------ SUPPLIED ENTRIES ------

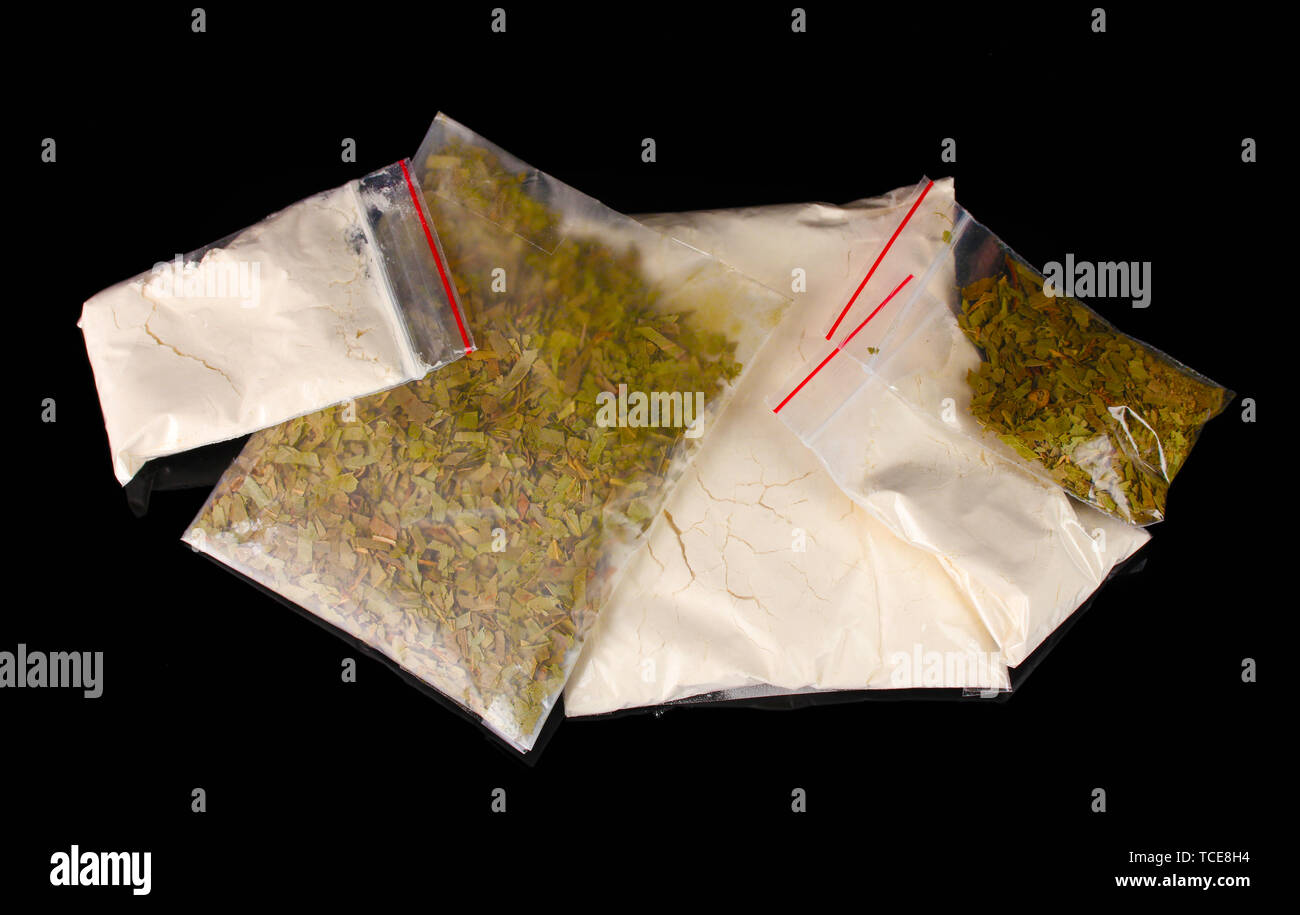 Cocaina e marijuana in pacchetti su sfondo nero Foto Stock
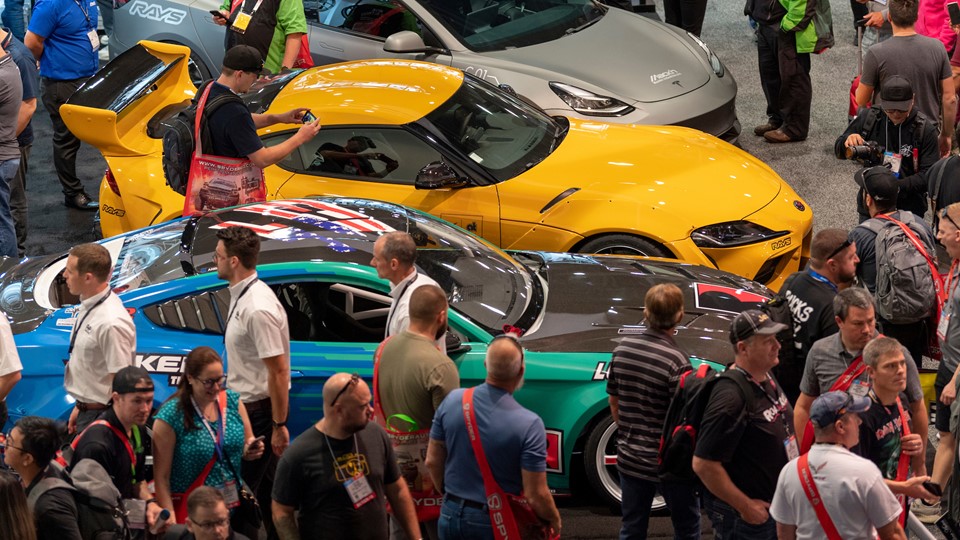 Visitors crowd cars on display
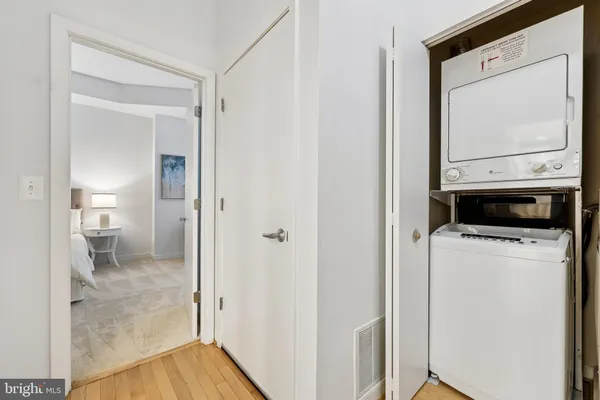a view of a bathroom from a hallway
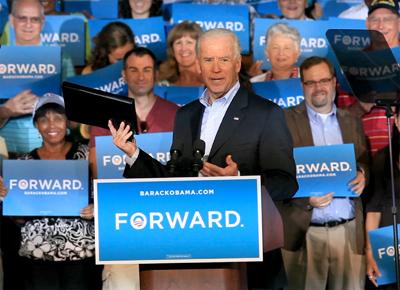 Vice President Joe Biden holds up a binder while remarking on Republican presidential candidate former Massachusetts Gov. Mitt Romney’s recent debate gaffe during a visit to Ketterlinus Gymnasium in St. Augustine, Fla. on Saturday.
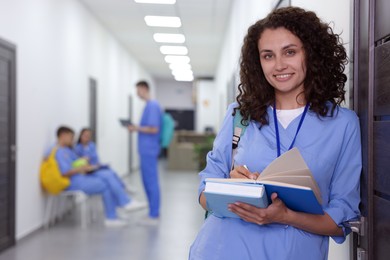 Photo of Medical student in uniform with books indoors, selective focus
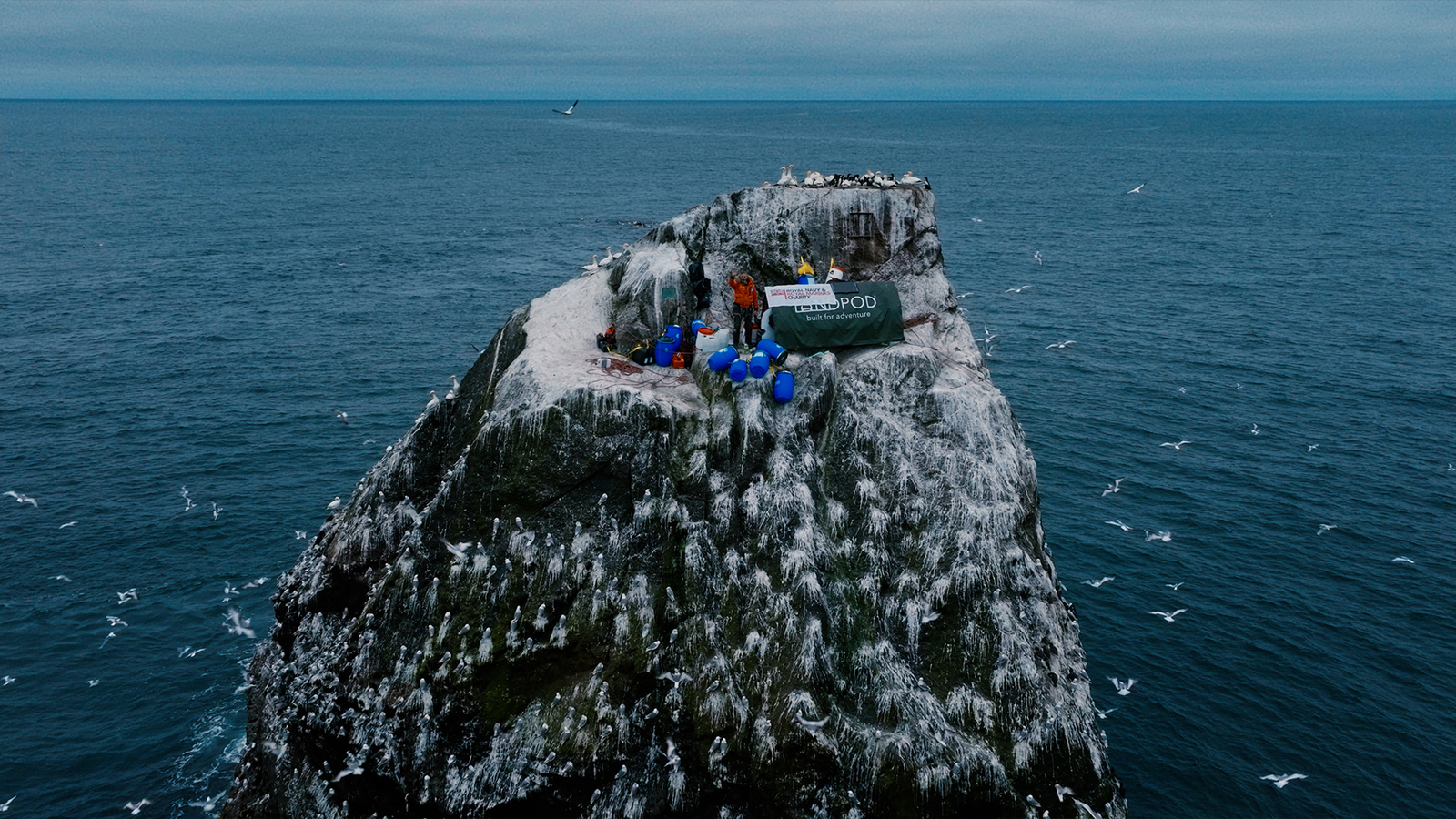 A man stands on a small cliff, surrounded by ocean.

------

Print nothing except the lines above from the one containing "Vice President Joe" down to the one containing "Photo of Medical", both included, exactly as written and free of pictures.

 Vice President Joe Biden holds up a binder while remarking on Republican presidential candidate former Massachusetts Gov. Mitt Romney’s recent debate gaffe during a visit to Ketterlinus Gymnasium in St. Augustine, Fla. on Saturday.
 Photo of Medical student in uniform with books indoors, selective focus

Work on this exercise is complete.